Announcements, Introductions, and Meeting Minutes

Alvy Lebeck called the meeting to order. Tracy Futhey gave a brief summary of the prior night’s 9th annual Froshlife festival. The event was a huge success with as many as 4,800 people in attendance online via a Ustream channel.

Tracy also introduced Richard Biever, OIT’s recent Chief Information Security Officer and asked him to share his early observations on the job. Richard responded that he has been doing a lot of listening and learning. He feels there are a lot of bright people to work with here at Duke and he looks forward to doing so. He also noted that there are some significant differences in structure between Duke and Georgia Tech where he had been working previously.
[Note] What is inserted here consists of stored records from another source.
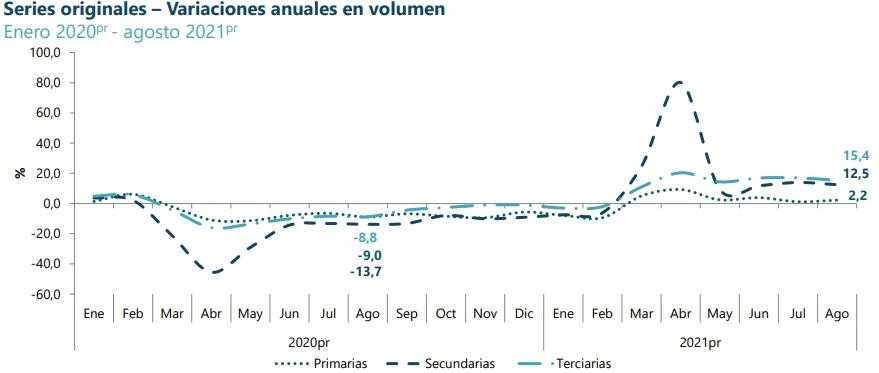 Grafico Series originales economia Colombia 2021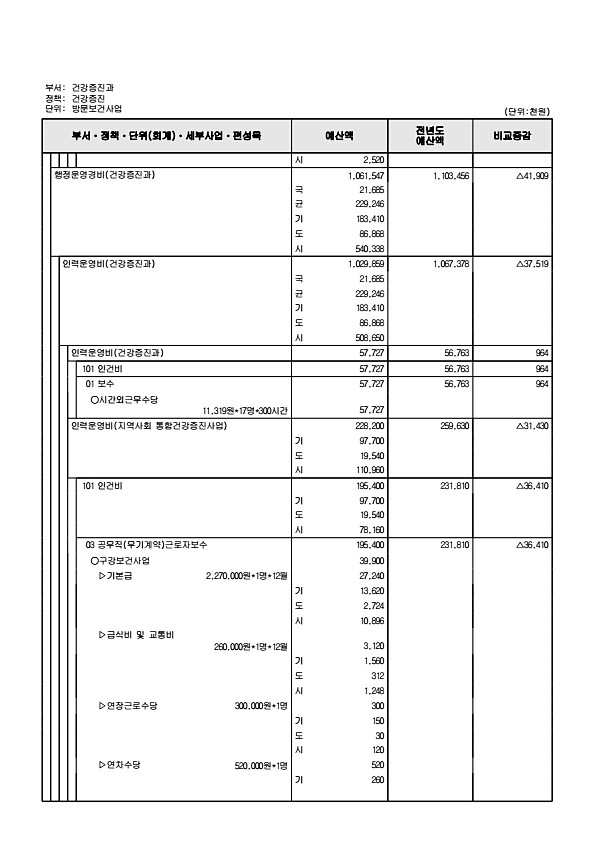 661페이지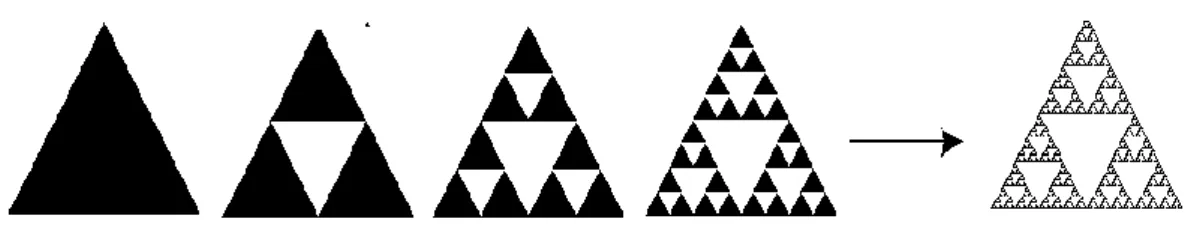 Şekil 2.1: En temel fraktal örneklerinden Sierpinski gasket ve oluşum adımları.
Richard views his primary purpose as listening to what’s going on, and supplying the tools and services Duke needs to protect itself.


Scalable Computing Support Center and DSCR Support (John Pormann)
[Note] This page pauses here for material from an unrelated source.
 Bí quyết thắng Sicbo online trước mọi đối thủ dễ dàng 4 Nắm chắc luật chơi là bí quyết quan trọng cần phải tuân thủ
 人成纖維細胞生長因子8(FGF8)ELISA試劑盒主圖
John began by reporting that the DukeWiki space for the DSCR/SCSC is an authoritative source for research computing info, and that a new blog is in place with information on internships and developments in the field.  He also noted that the first videos in a new series have gone up, capturing information about the DSCR/SCSC for people like post-docs who come in off-cycle; these six to eight videos are 15-20 minutes each and have the content that’s in the seminars that John’s staff presents. 

John noted that Intel and Dell have put some press releases out based on information from SCSC’s evaluation of CPU load and power draws on machines; this work was done for internal evaluation and analysis to understand the resource use in the data center.  John said that the 2008 and 2009 series blade servers are drawing significantly less power, saving about $25,000 on the annual power bill versus 2007 series 1U servers.  Tracy asked what this could be attributed to. John noted a combination of improved CPUs and a new generation of blade servers.

The DSCR remains the primary platform, and remains in Centos 4, John said; Centos 5 is the destination for upgrade, while the marketplace is pending the release of Centos 6. John added that this is a production service so it is not just accepted but desirable to run somewhat behind the cutting edge.  Summertime will be the Centos 5 transition time, and 6 may follow shortly after.  John noted that this pace is based on researcher feedback.  He added that Intel compilers, MKL/IPP and MPI tools were now installed on the DSCR, providing improved performance for cluster users who decide to develop and schedule cluster-based software. Researchers using cluster-certified software and hardware should be most likely to see future commercial research computing applications supporting their environment.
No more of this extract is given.